It is a true calling or isn't it?

Specialties Hospice

Published

I have always wanted to be a hospice nurse and I think it is a calling. However, last week a hospice nurse came into our facility to see one of our patient that we finally got her back to a certain degree of wellness after few days of caring and countless of hourly check crushed my idea of hospice nursing, at that time. She stomped her feet and pouted while telling me that she thought this resident should just die now so the nurse doesn't have do visits with her. I was in shock and was very disappointed. Without being too harsh on her so I told her that I was busy passing meds if there isn't anything else that I could help with. She left and also make me doubt my beliefs. Is hospice nursing really a calling or just another job?

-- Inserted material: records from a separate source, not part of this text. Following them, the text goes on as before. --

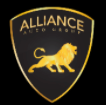 Alliance Auto Group Fullerton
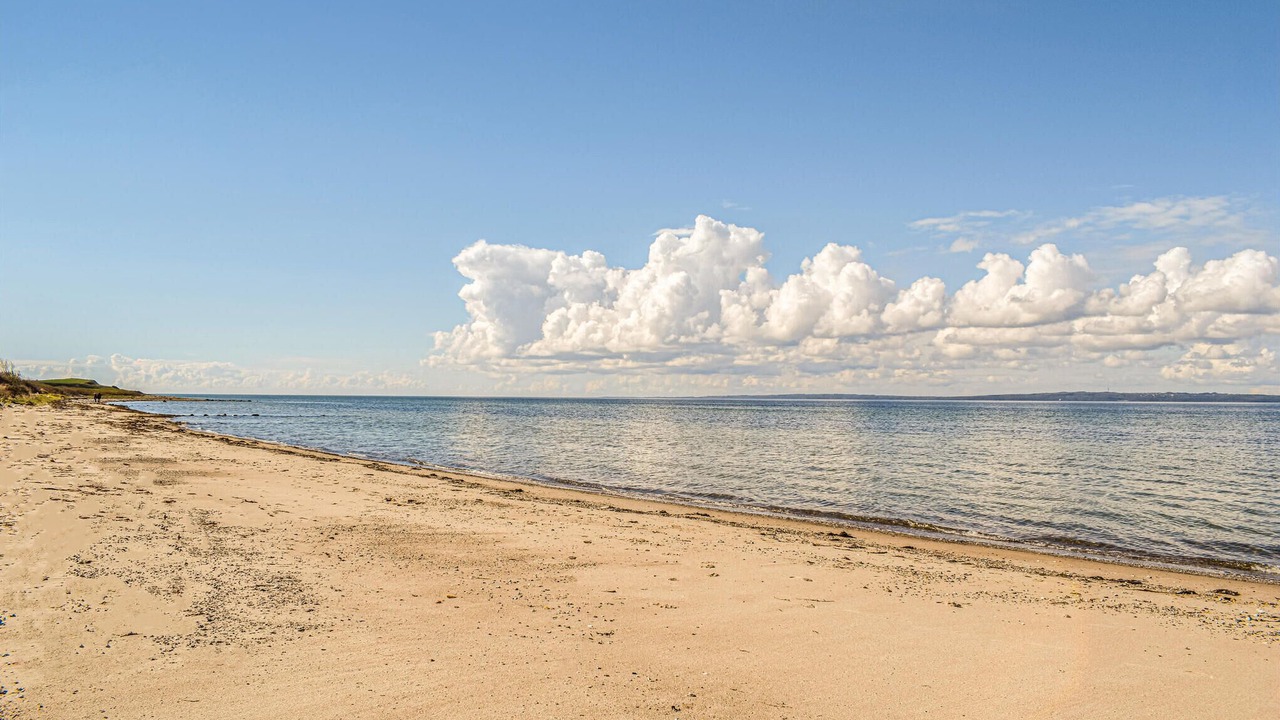 Photo of Others in Skødshoved Strand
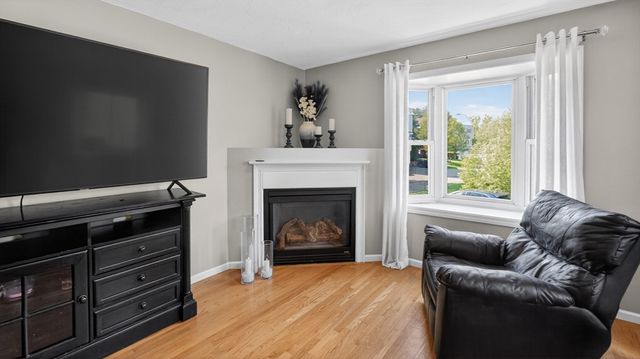 5 Governors Way B, Milford, MA 01757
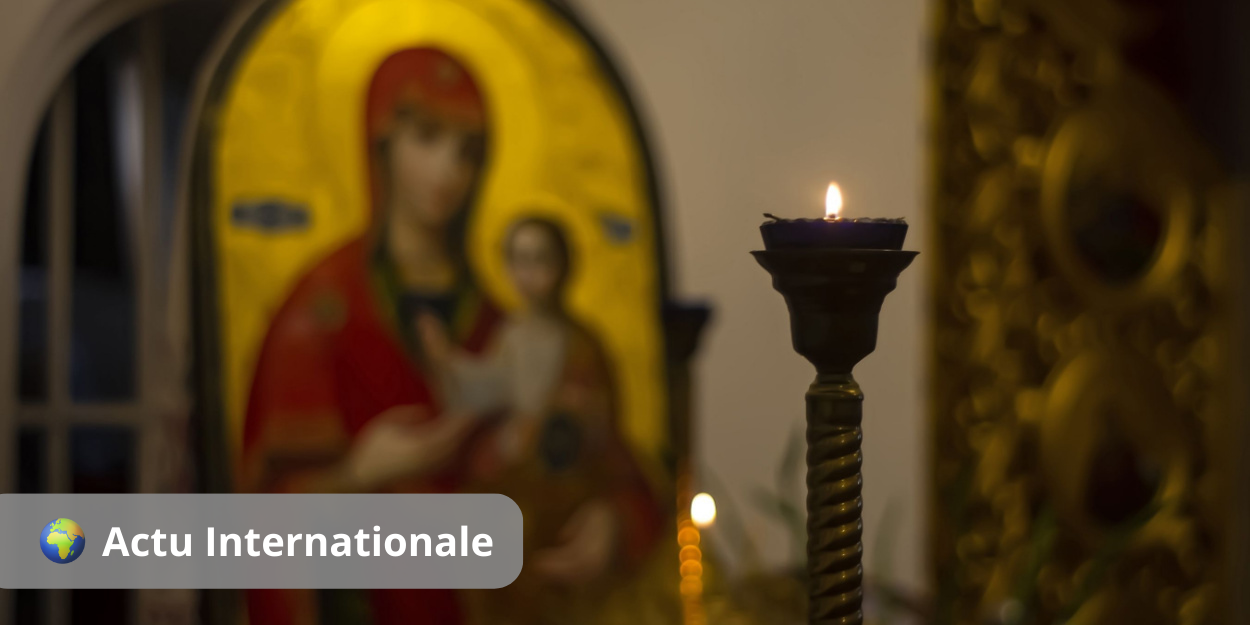 Ukraine-a-kyiv-des-Orthodoxes-celebrate-Christmas-sunday-to-defier-Moscow.png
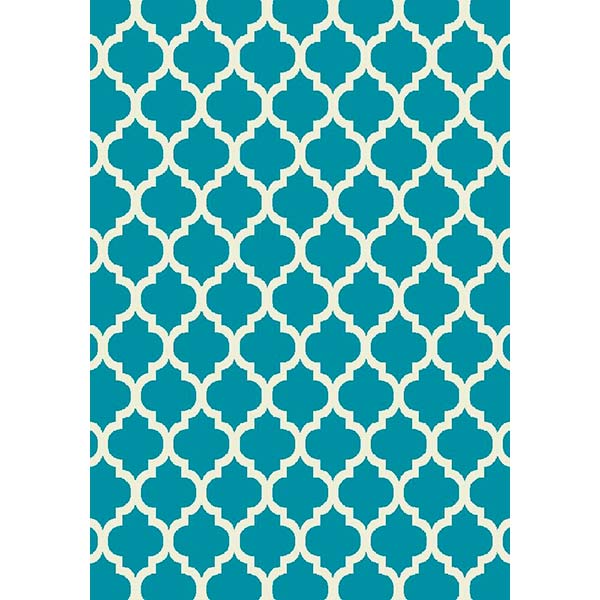 Килимок Карат Kolibri 0.80x1.50 (11158/140)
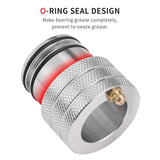 Kemimoto Can-Am Maverick X3/Max 39mm Wheel Bearing Grease Tool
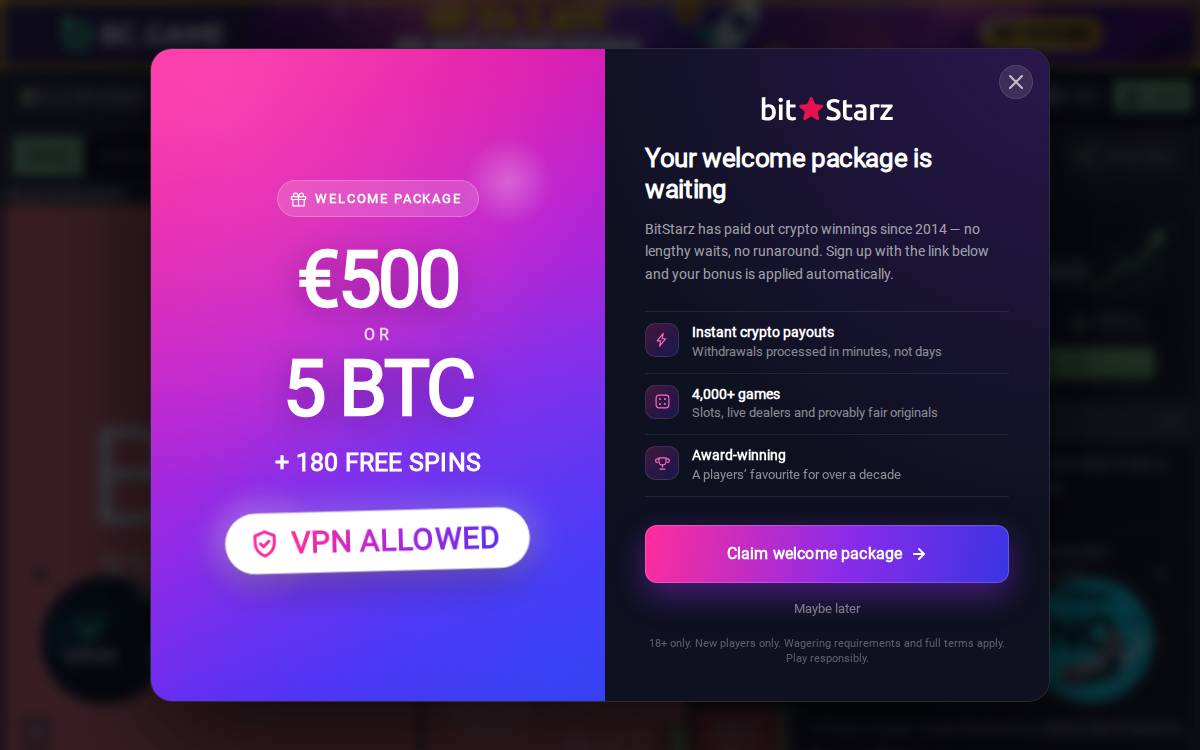 Coin360 website preview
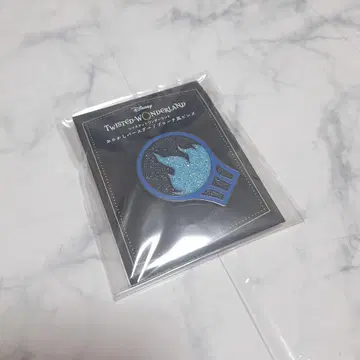 [즉시 구매] 트위스테 꾸밈 벌스데이 브로치풍 핀즈 이데아 슈라우드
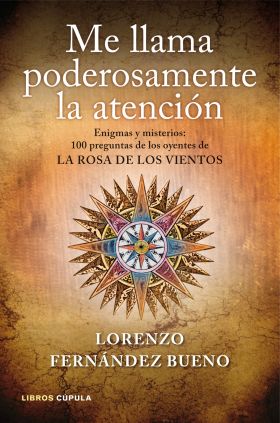 Me llama poderosamente la atención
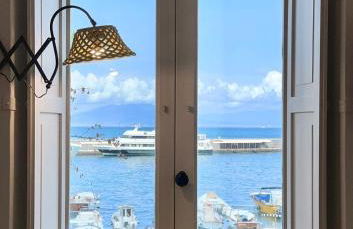 Casa Marina - Foto 1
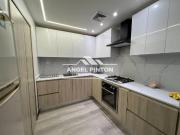 Apartamento en Venta en Maracaibo Zulia 73 m2. 2 hab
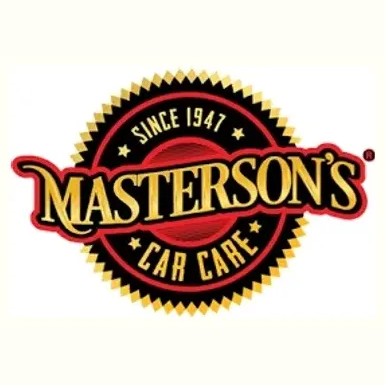 mastersonswax.com/default.asp brand logo for mastersonswax.com
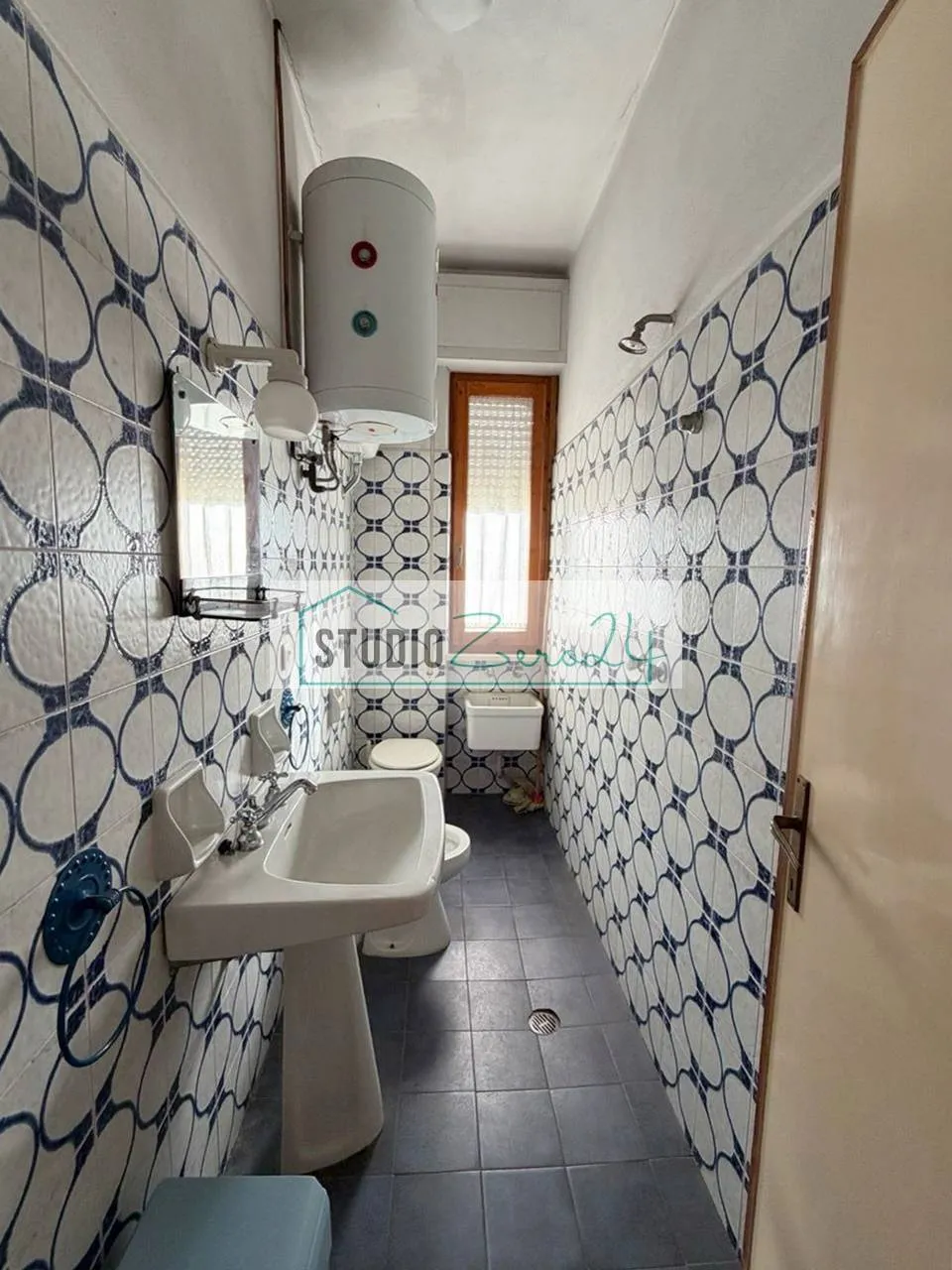Appartamento in vendita a Camaiore, Lido di Camaiore - foto 8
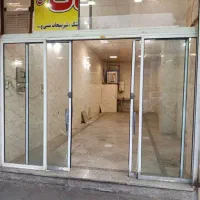 مغازه-25-متر-ایران-زمین-شمالی-مناسب-اکثر-مشاغل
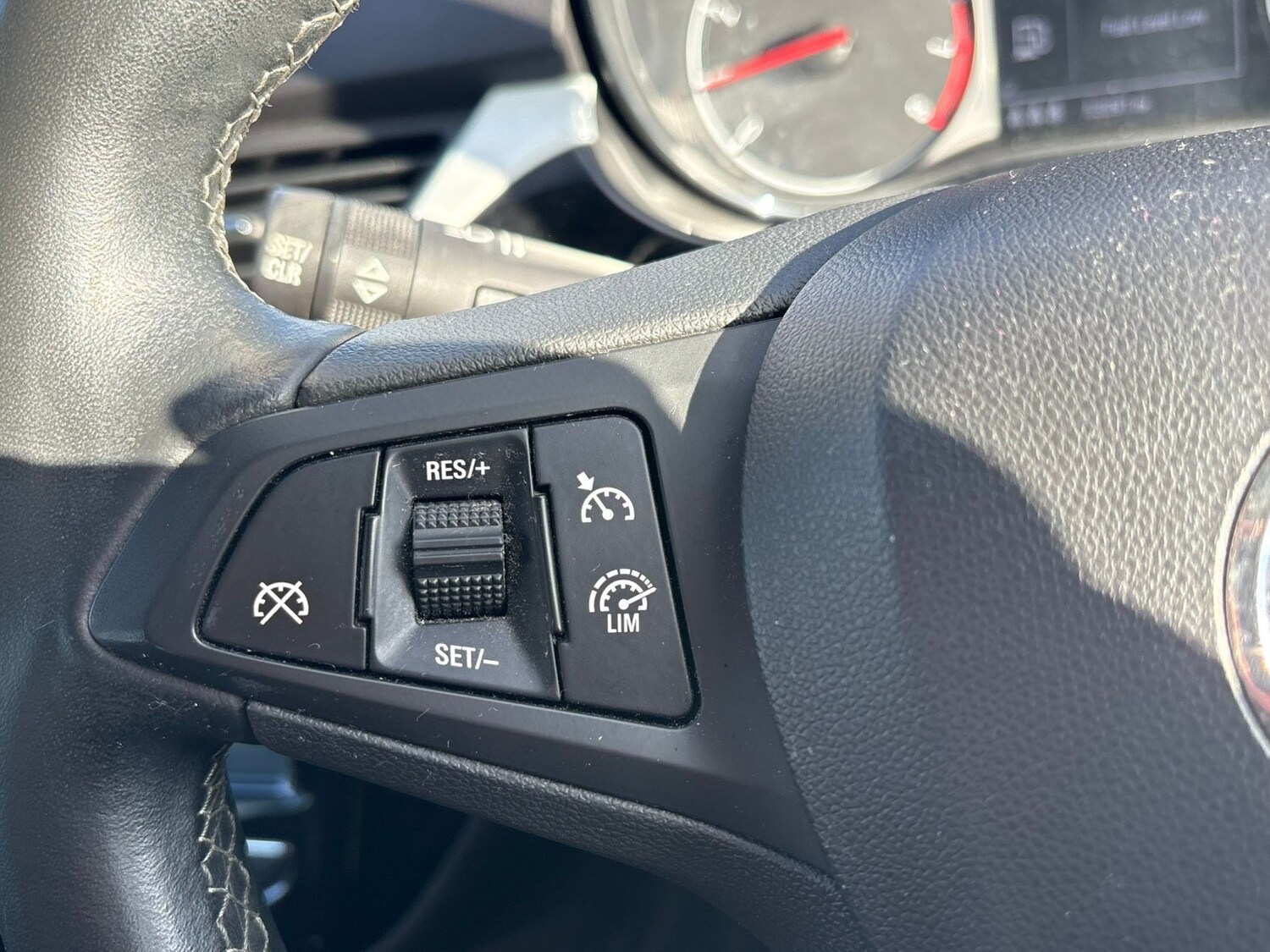 Used Vauxhall Corsa 2016 for sale - 77572783: Photo 22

Then there came another hospice nurse. Two nights ago, I held a resident's hand while she took her last breath. After I confirmed my first death, I couldn't help myself and felt very sad. This resident's hospice nurse came in within 10 minutes. She confirmed my initial assessment and finished up everything with the patient and all the paper work for the resident then she did the most amazing thing that I thought a nurse could have done to a brand new nurse. She spent a lot time talking to me and explained all the decision for this resident from admitting her to hospice along with every little details that came with. at 2 am, she was not tired. She talked to me in great empathy and understanding. She spoke to my heart and restore my belief. She said hospice nursing is a calling. It is a calling from what I see in her. She could be so kind to a brand new nurse that she just met who is not even her co-worker show me that there are nurses out there believe the same thing.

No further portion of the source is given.